Opinión

Pantalones cortos

CUANDO LAS chicas empezaron a ponerse pantalones cortos y les llamamos shorts porque era más chic (y más corto) nos las prometíamos muy felices. No me lleve la contraria: si digo que nos las prometíamos muy felices no hay porque discutir, ni es necesario justificarlo. Usted limítese a leer y deje de interrumpirme.

Los varones siempre fuimos unos privilegiados. No solo inventamos el machismo, sino que lo desarrollamos y lo perfeccionamos a lo largo de la historia. Y en la ropa se reflejaba desde antiguo: mientras los guerreros griegos y algunos emperadores romanos podían usar unas falditas cortas (tipo las actuales minifaldas), las mujeres solo podían usar vestidos hasta los pies. Hiciera el calor que hiciera. Pero llegaron los 60s. No sólo aparecieron los minishorts para chica, sino que la diseñadora inglesa Mary Quaint popularizó el uso de la minifalda y entonces a nosotros, muertos de envidia, se nos dio por empezar a usar pantalones cortos. Esto no se hacía en Europa antes: solo los niños usaban pantalón corto, que sustituían por el largo cuando llegaban a la adolescencia. Incluso en climas cálidos, los adultos tenían que cocerse con los pantalones largos para no parecer inmaduros o hacer el ridículo. La cosa empezó a cambiar en lugares de clima tropical. Igualmente, las mujeres comenzaron a ponerse los pantalones de su marido cuando tuvieron que ocupar las fábricas durante la II Guerra Mundial y fue en los 60s cuando tuvieron pantalones largos fabricados expresamente para ellas. Da la impresión que casi todo pasó en los 60s, y así fue.

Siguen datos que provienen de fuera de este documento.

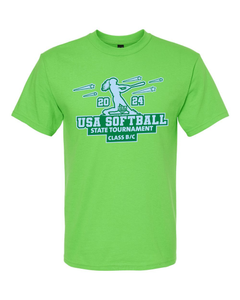 USA Softball of NH State Tournament Class B-C - Short Sleeve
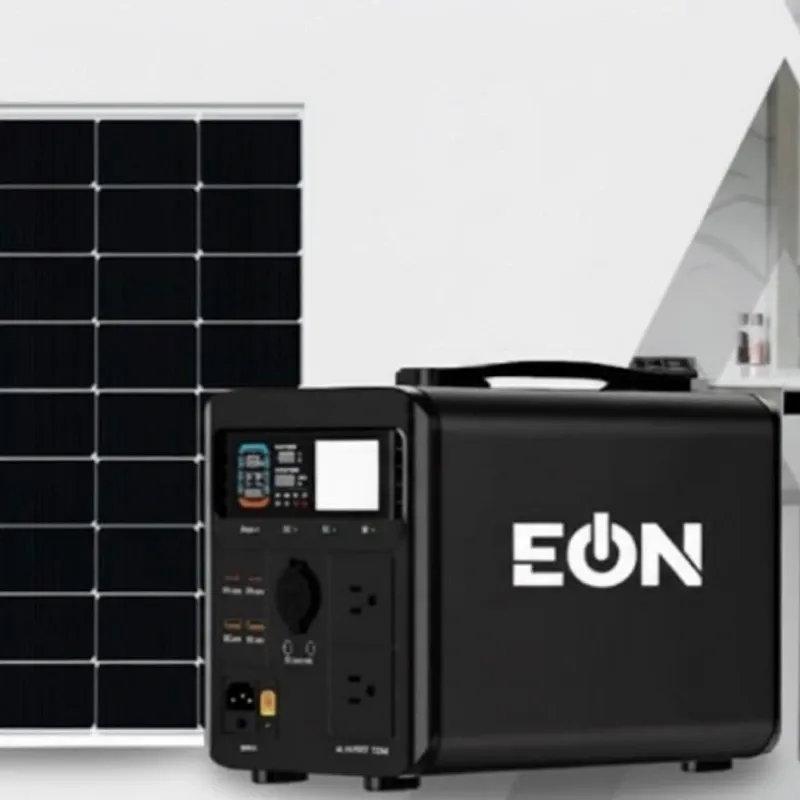 Estación De Energía Portátil 700 W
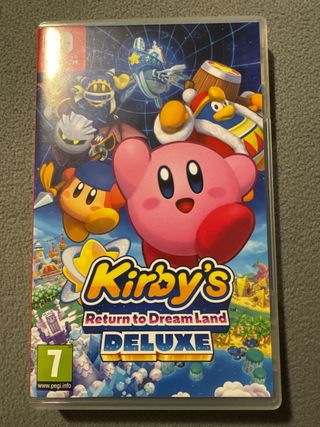 Kirby's Return to Dream Land Deluxe per Nintendo Switch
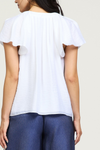 Pleated Blouse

Es una suerte que los pantalones cortos no vulneren ninguna convención social, ni nadie te mire mal por la calle (a algunos no nos mira nadie, ni bien ni mal), ni resulte extravagante volver a vestirse como cuando éramos críos. Es una suerte porque los pantalones cortos son lo más cómodo que hay para transitar la canícula. Es verdad que no todo el mundo los usa, hay que respetar. Si hay gente tan gilipollas que no quiere usarlos, por lo que sea, hay que respetarla.

¿Qué siente uno cuando se pone un pantalón corto y sale a la calle de esa guisa, aunque tenga edad para tener nietos, o vaya incluso a recogerlos para llevarlos de paseo? Fresco, eso es lo que siente. Y es fundamental. A ver quien se pone a enseñar las canillas a ciertas alturas de la vida si no es a cambio de un poco de frescor.

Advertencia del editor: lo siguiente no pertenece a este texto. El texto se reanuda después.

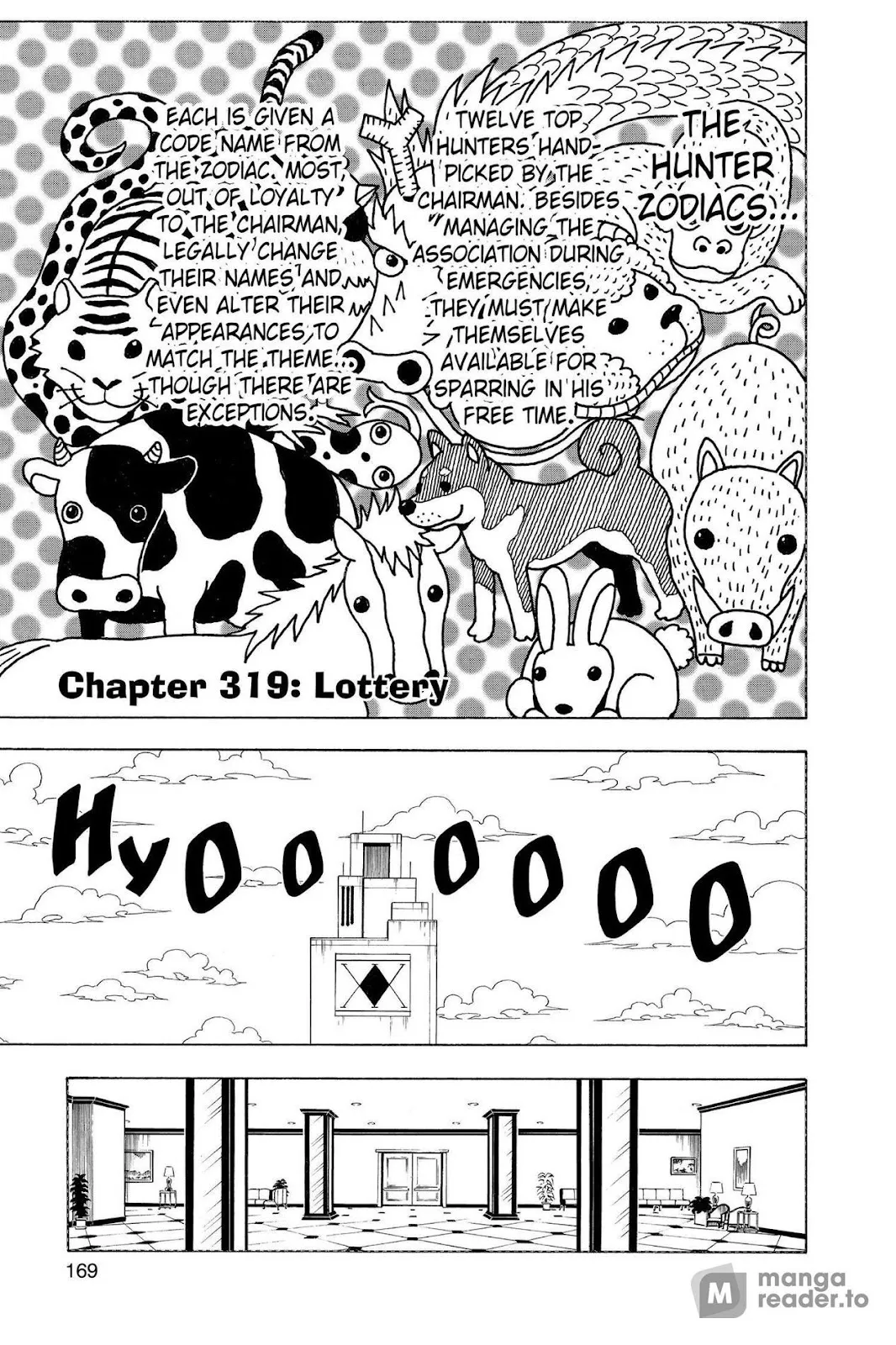 Hunter X Hunter Chapter 319 Image 1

Tenía un compañero de trabajo, bastante mayor que yo (y eso que yo era ya mayor mientras era pequeño) que venía vestido de pantalón corto al llegar Mayo. Tenía piernas de futbolista y los compañeros nos dedicamos a mirarlo con condescendencia, perdonándole la vida. Muertos de envidia. Las compañeras no sé cómo lo miraban, pero también lo hacían. Al poco tiempo nos fuimos sumando otros a su audacia y pronto los que persistían en el pantalón largo eran catalogados de raritos.

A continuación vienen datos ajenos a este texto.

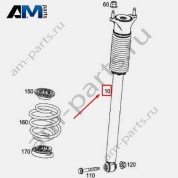 Амортизатор задний A1773200302 Mercedes A-class W177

Luego está la primera vez que recuerdo que un pantalón corto interfiriese en mi vida fue durante la vieja egebé. Y no fue uno sino varios. Las chavalas de clase, no recuerdo el curso, aparecieron en clase de gimnasia (no se había inventado aún la educación física) vestidas con pololos. Los ojos nos hacían chiribitas. Aunque recuerdo que me dejó más extasiado el nombre pololo. ¿Existe vocablo más maravilloso para una prenda de vestir? Era simplemente un pantalón de deporte con gomas a medio muslo y en la cintura, pero tenía un nombre sonoro, de príncipe de los pantalones. Y casi lo dejamos aquí, porque lo de los pololos es insuperable.